J Neurol Res
Journal of Neurology Research, ISSN 1923-2845 print, 1923-2853 online, Open Access
Article copyright, the authors; Journal compilation copyright, J Neurol Res and Elmer Press Inc
Journal website http://www.neurores.org

Case Report

Volume 6, Number 1, February 2016, pages 24-27


Anterior Choroidal Artery Aneurysm Associated With Moyamoya Disease

Syunsuke Sekia, Tomoya Kamidea, Akira Tamasea, Kentaro Moria, Yu Iidaa, Yuichi Kawabatab, Tatsu Nakanob, Motohiro Nomuraa, c

aDepartment of Neurosurgery, Yokohama Sakae Kyosai Hospital, 132 Katsura-cho, Sakae-ku, Yokohama 247-8581, Japan
bDepartment of Neurology, Yokohama Sakae Kyosai Hospital, 132 Katsura-cho, Sakae-ku, Yokohama 247-8581, Japan
cCorresponding Author: Motohiro Nomura, Department of Neurosurgery, Yokohama Sakae Kyosai Hospital, 132 Katsura-cho, Sakae-ku, Yokohama 247-8581, Japan

Manuscript accepted for publication February 12, 2016
Short title: Anterior Choroidal Artery Aneurysm
doi: http://dx.doi.org/10.14740/jnr371w

Abstract▴Top 

The clinical course and management of anterior choroidal artery (AChoA) aneurysms associated with moyamoya disease (MMD) have not been fully clarified. A 61-year-old man experienced dysarthria. CT revealed hemorrhage in the lateral ventricles, and an aneurysm in the left lateral ventricle. MRI performed 13 months prior to the onset showed no aneurysm. Angiography on admission demonstrated an aneurysm of about 4 mm in diameter on the left anterior choroidal artery. Repeated angiography on the ninth day showed enlargement of the aneurysm.

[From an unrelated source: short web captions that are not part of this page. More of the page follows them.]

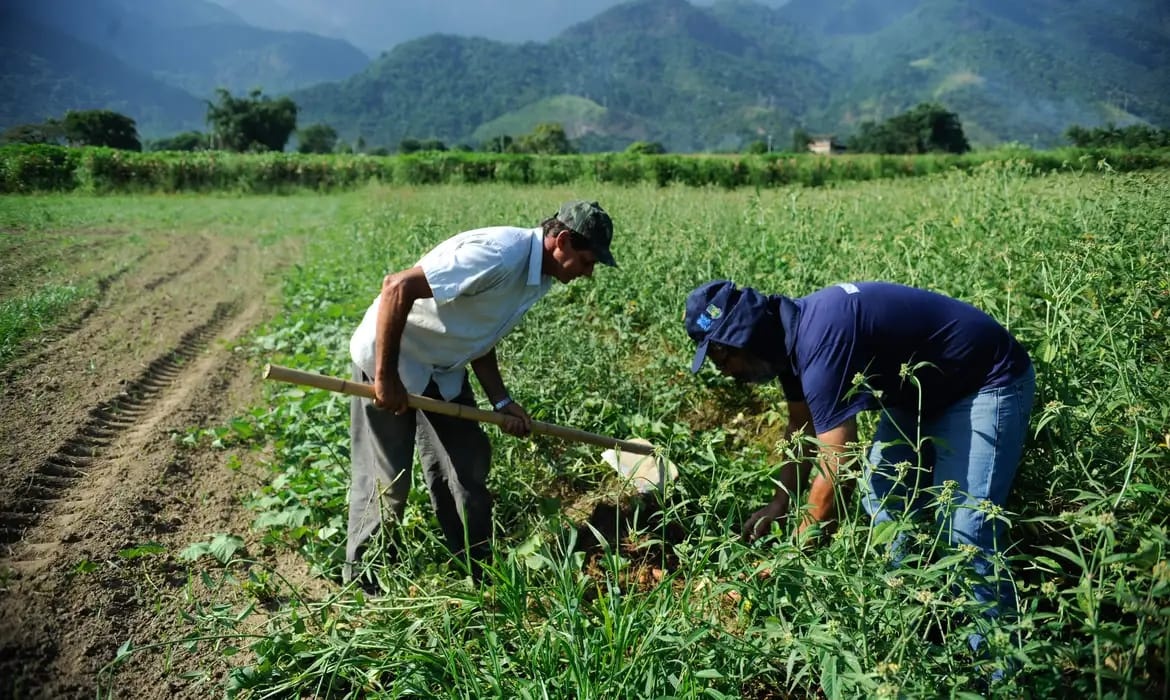 Produtores Rurais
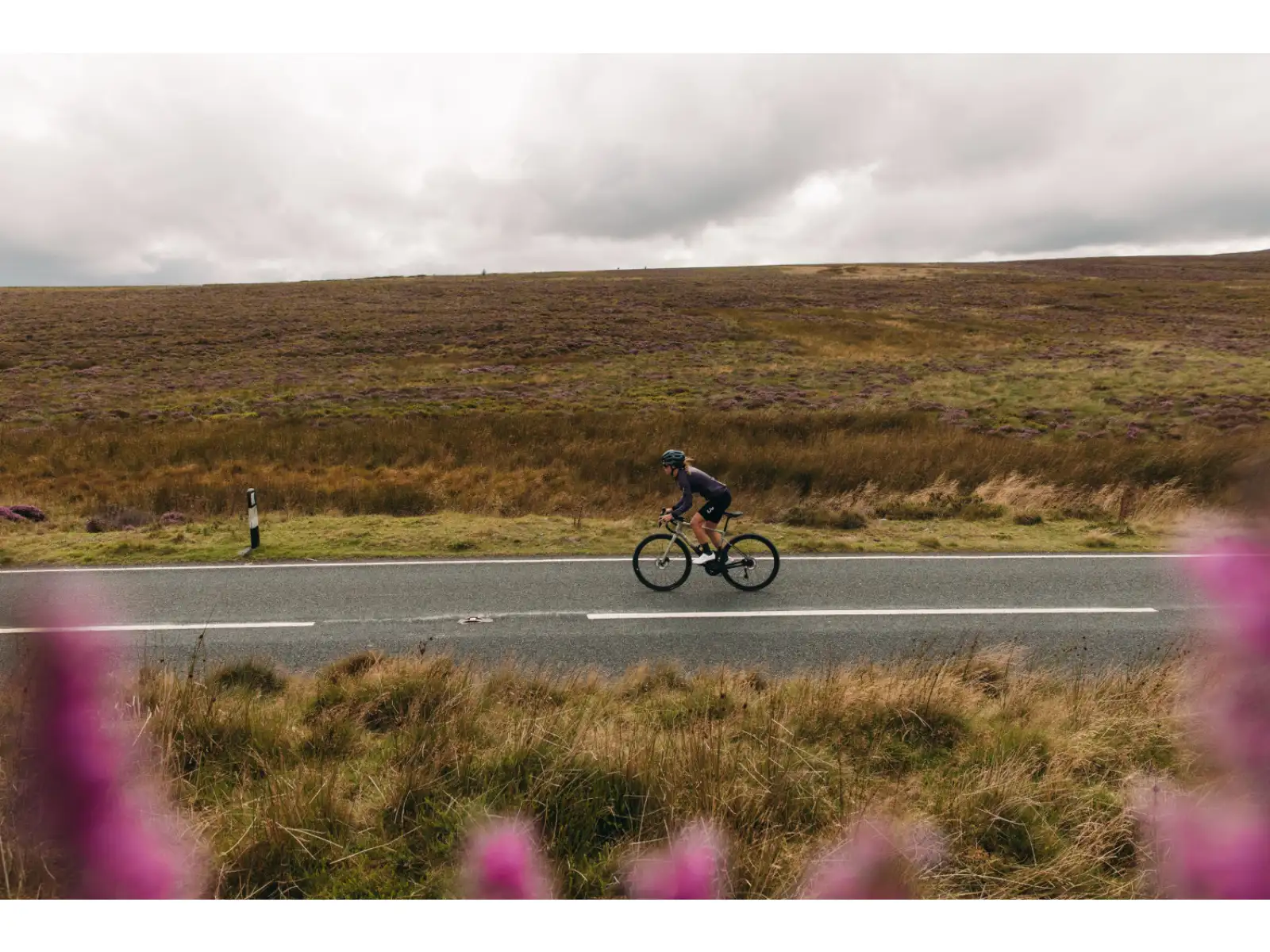 Liv Avail Advanced Pro 1 road bike Golden Haze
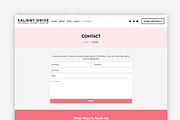 Salient Drive WordPress Theme, a WordPress Template by Your Theme Shop (Thumbnail 3 of 9)
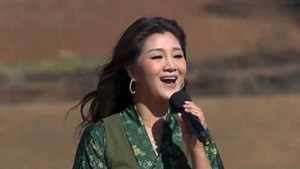 这才是《鸿雁》真正的原唱，唱出了辽阔草原的感觉，太令人陶醉了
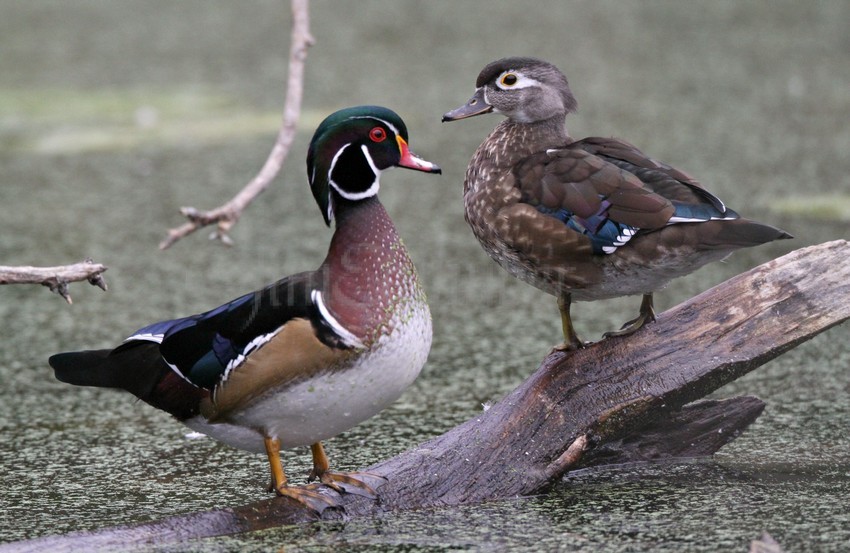 Wood Ducks, male left, female right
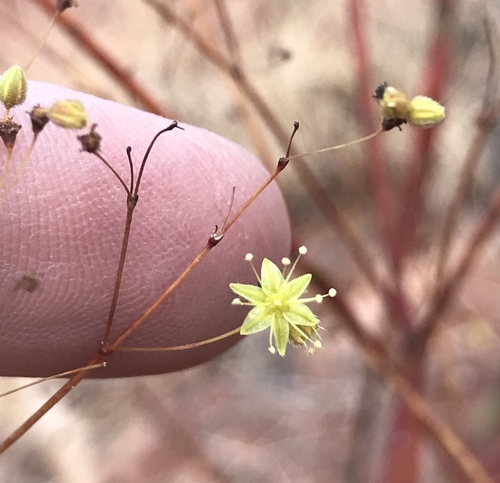 Eriogonum inflatum (Desert Trumpet) (alternate view 2)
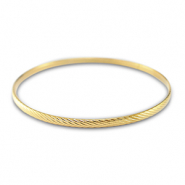 Armbanden van Stainless Steel Roestvrij staal (RVS) Gold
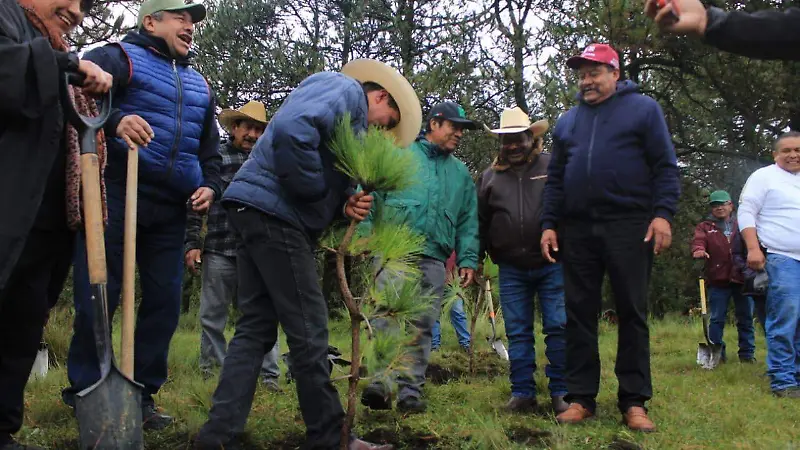 Reforestación  (2)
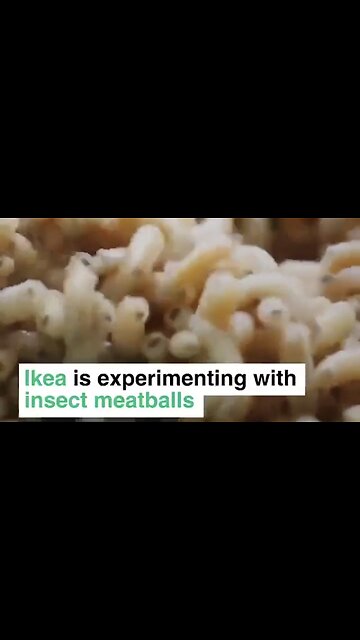 IKEA’s ‘NEATBALL’: The ‘Mealworm Meatball’ Alternative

However, MRI and angiography demonstrated the disappearance of the aneurysm on the 17th day. On the 38th day, superficial temporal artery-middle cerebral artery bypass was performed to decrease the hemodynamic stress on the distal arteries. Follow-up angiography showed no recurrence of the aneurysm. This is the first reported case of a distal anterior choroidal artery aneurysm, which was previously undetectable, showing enlargement followed by spontaneous disappearance. Distal aneurysms associated with MMD occasionally regress. Therefore, close radiological observation is necessary.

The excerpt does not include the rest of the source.